Softmax + cross-entropy, fused

Concise Implementation of Softmax Regression

Concise softmax regression

Same model, same data — using the framework’s built-in primitives:

  • One linear layer instead of hand-rolled W and b.
  • Built-in cross_entropy that fuses softmax + log + NLL with numerical-stability tricks (the LogSumExp trick).
  • Same Trainer, same convergence, much less code.

The model

Imports + a one-line linear layer wrapped in our Classifier scaffold:

from d2l import torch as d2l
import torch
from torch import nn
from torch.nn import functional as F
class SoftmaxRegression(d2l.Classifier):
    """The softmax regression model."""
    def __init__(self, num_outputs, lr):
        super().__init__()
        self.save_hyperparameters()
        self.net = nn.Sequential(nn.Flatten(),
                                 nn.LazyLinear(num_outputs))

    def forward(self, X):
        return self.net(X)

Computing softmax then log then NLL separately blows up numerically when logits are large (exp(100) overflows in common float32 arithmetic). The framework’s cross_entropy takes raw logits and computes the loss directly via the LogSumExp trick — equivalent math, stable arithmetic:

\log \sum_j e^{o_j} = m + \log \sum_j e^{o_j-m}, \quad m=\max_j o_j.

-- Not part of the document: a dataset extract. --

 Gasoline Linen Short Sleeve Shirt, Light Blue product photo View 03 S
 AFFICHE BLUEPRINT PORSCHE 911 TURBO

@d2l.add_to_class(d2l.Classifier)
def loss(self, Y_hat, Y, averaged=True):
    Y_hat = d2l.reshape(Y_hat, (-1, Y_hat.shape[-1]))
    Y = d2l.reshape(Y, (-1,))
    return F.cross_entropy(
        Y_hat, Y, reduction='mean' if averaged else 'none')

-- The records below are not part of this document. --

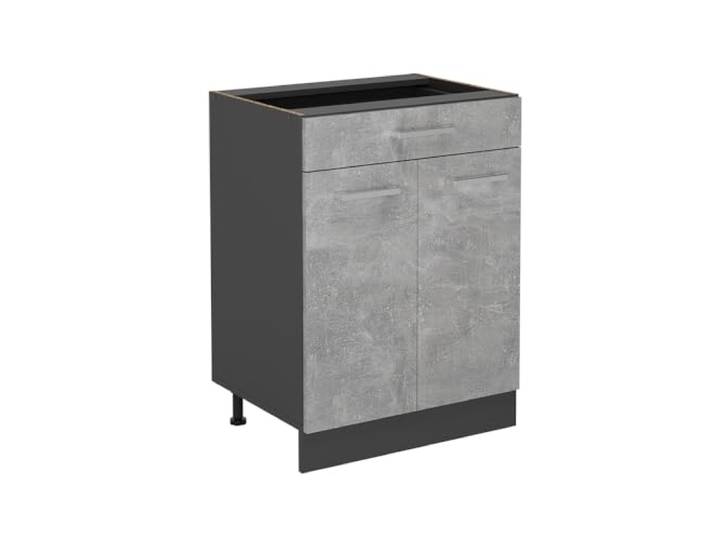 Vicco Küchenunterschrank R-Line, Beton, 60 cm 1 Schublade · Ohne Arbeitsplatte · Höhenverst. Füße · 2 Türen · Leichter Zugriff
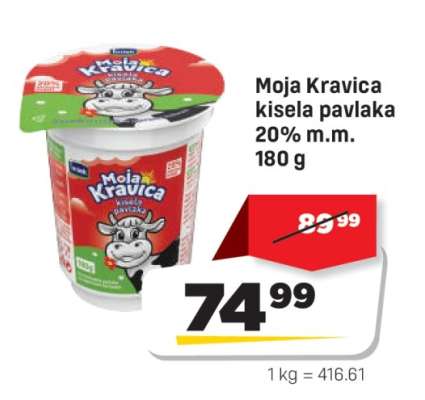 Moja Kravica kisela pavlaka 20 % m.m. 180 g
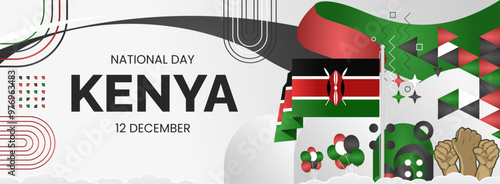 Kenya National Day background with raised hand and abstract shapes in flag colors, black, red and green. Templates design for Kenya Madaraka day or Jamhuri day greeting card and sport events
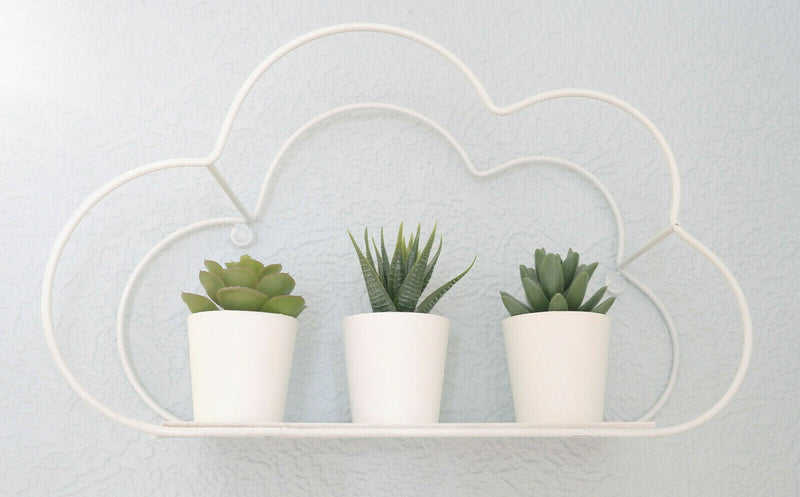 Sass and Belle Children White Cloud Shelf Nursery Bedroom Home Baby Wall Weather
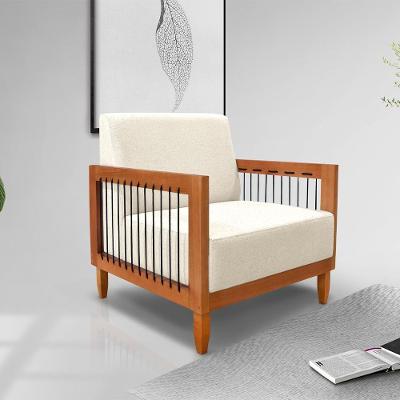 Poltrona Sala De Estar Pés Madeira Maciça Corda Náutica Preta 75cm Manila Linho Off White Rústico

The model output skips the explicit softmax — the loss handles both pieces.

Train

Same Fashion-MNIST data, same 10 epochs, same Trainer:

data = d2l.FashionMNIST(batch_size=256)
model = SoftmaxRegression(num_outputs=10, lr=0.1)
trainer = d2l.Trainer(max_epochs=10)
trainer.fit(model, data)

Identical accuracy curve to the from-scratch version. Built-in loss = cleaner code + better numerics.

Recap

  • From-scratch taught us softmax and cross-entropy; concise is what we actually use.
  • Built-in cross_entropy(logits, y)softmax → log → NLL with the LogSumExp stability trick baked in.
  • The forward pass should output logits, not softmax probabilities — the loss does the rest.